CHUCK Is a Potentially Great Show, But What Kind of Show?

Regular commenter Justin had an interesting comment on Chuck yesterday:

Regular commenter Justin had an interesting comment on Chuck yesterday:

Personally, I have mixed feelings on Chuck. On the one hand, I think it’s the most consistently enjoyable show on television. It just makes me smile. On the other hand, it seems pretty clear that the show wants to be something more (as opposed to Reaper, which is content with being light, formulaic comfort food), and I’m just not sure it has enough oomph to pull that off. And when it tries, it inevitably falls short. I respect the ambition, but it frustrates me that the show hasn’t quite been able to live up to that ambition.

As I said in comments, I have the exact opposite perspective on Chuck. I think its attempts to create a larger mythology are stopping it from becoming the truly great light adventure-comedy that it has the potential to be. But what I find interesting is that whichever way you look at Chuck, it’s a show that hasn’t quite lived up to its full potential. It is a goofy action-comedy with spy adventure, light banter, and villainous plots to be foiled; it knows and accepts that this is inherent in the premise. But it also wants to be something bigger and more ambitious than just a light adventure every week; it wants to tell a larger story about Chuck, his growth as a person, the compromises and hard choices people have to make to survive, and the double-crosses and conspiracies going on behind the scenes.

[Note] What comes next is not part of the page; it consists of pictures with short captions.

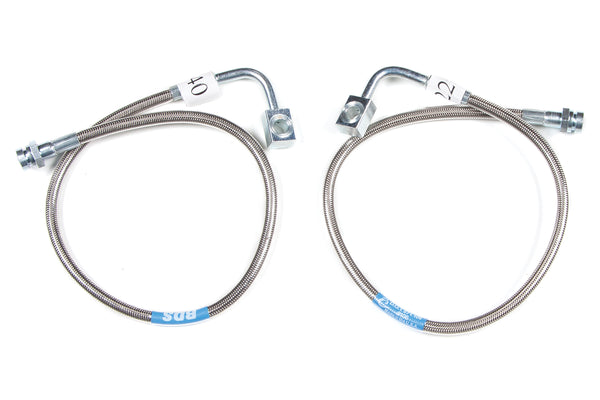 BDS Suspension - Jeep JK Front Stainless Brakelines -BDS104002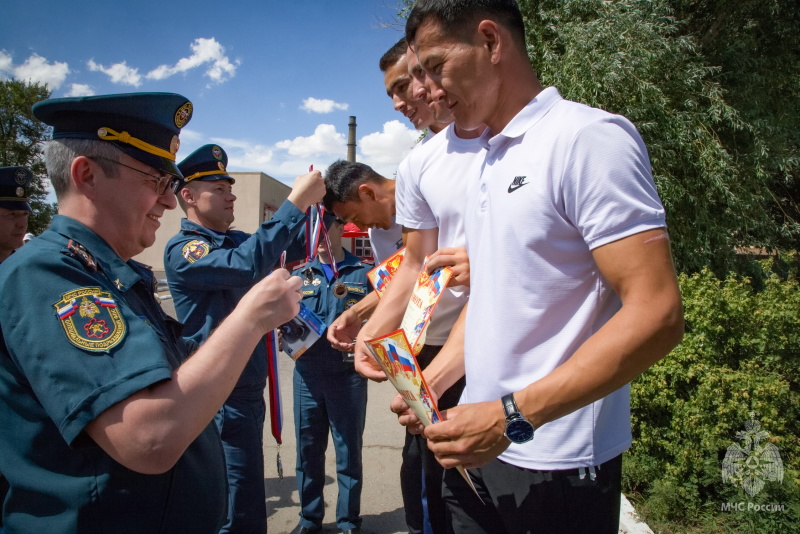 Открытый чемпионат города Байконур по Пожарно-спасательному спорту, посвященный 375-летию образования пожарной охраны России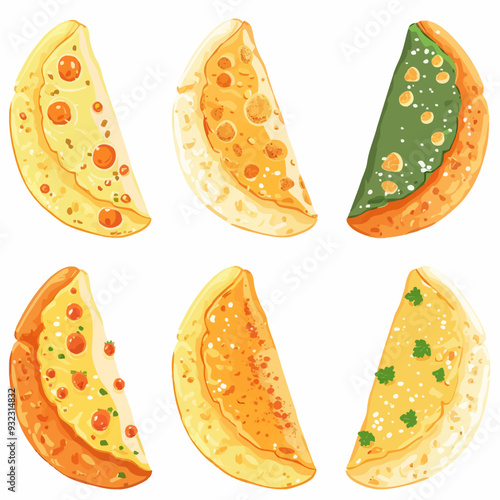 Vector Omelet simple and minimalis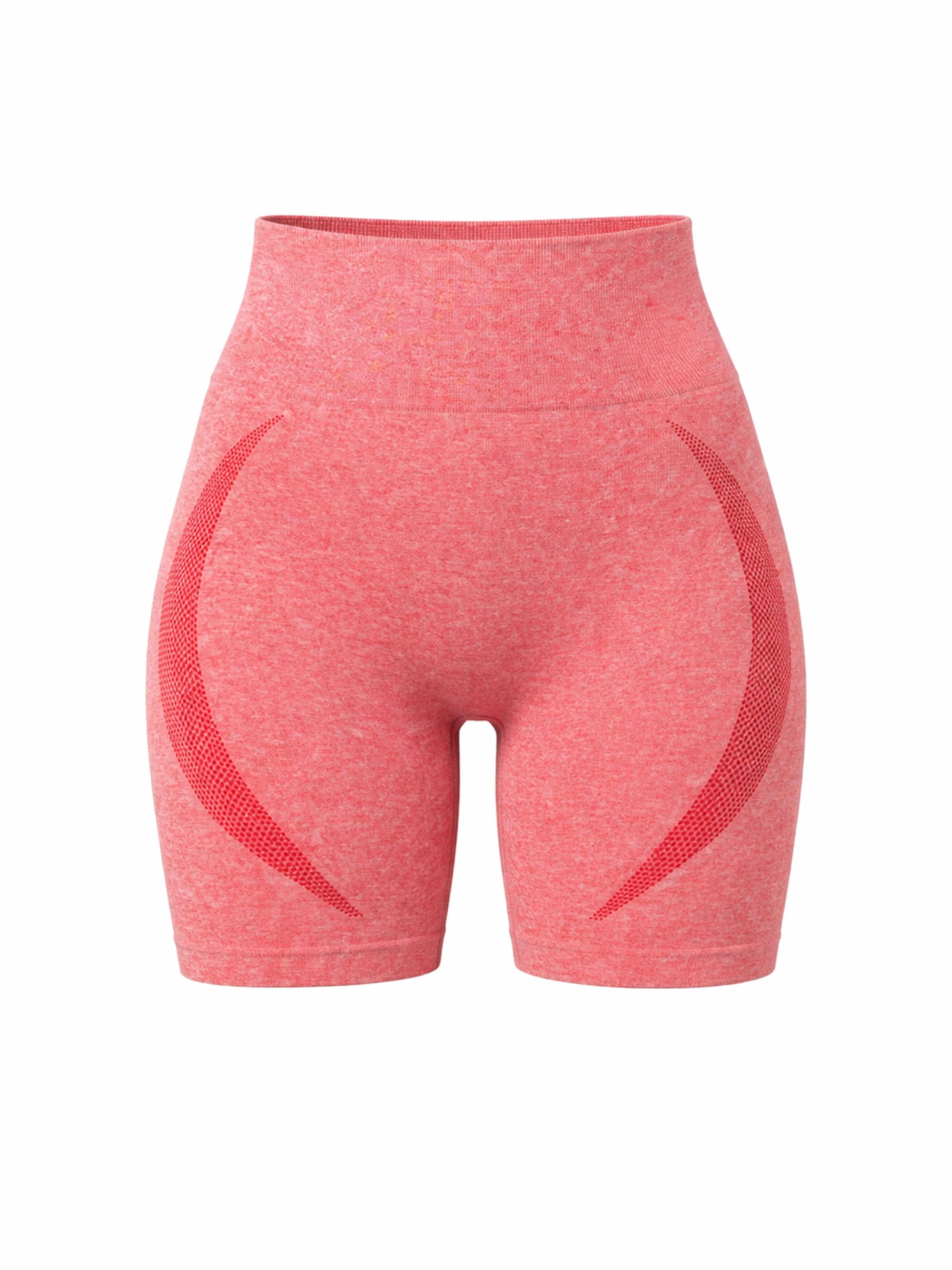 LEAFLETIC Skinny Workout Pants 'Leafletic Women’s Shorts' in Orange: front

Which is fine, but a lot of episodes, maybe all of them, seem to me to have an uncomfortable tension. The show is still too light and fluffy to be all that it wants to be, yet the broader mythological elements (and the time spent on them) mean that the stand-alone adventure stories aren’t fully satisfying on their own, either. This is one of the potential dangers of combining the arc format with stand-alone stories: the larger story running through this week’s plot can suggest that the self-contained stories are less worthy of our attention, especially since we know the good guys will win. The X-Files got around this by working hard to make stand-alone adventures unique or interesting or gimmicky in and of themselves. But many of the shows that have followed seem to convey the impression that the writers have not quite devoted their full attention to weekly story construction; that was the biggest flaw of Veronica Mars, where the weekly mysteries were often incredibly lame.

Chuck needs to develop some more, and hopefully will; it needs to go in one direction or the other — more ambitious or less ambitious in its overall story. My own preference with a show like this would be for it to concentrate more on the light adventure aspect, just because once they perfect that, the more serious and ambitious stuff can come more naturally out of the strong foundation of good, solid weekly stories. But I can see the opposite argument, that it will never really be all it can be unless it tries harder to make a strong emotional impact and create a more layered world.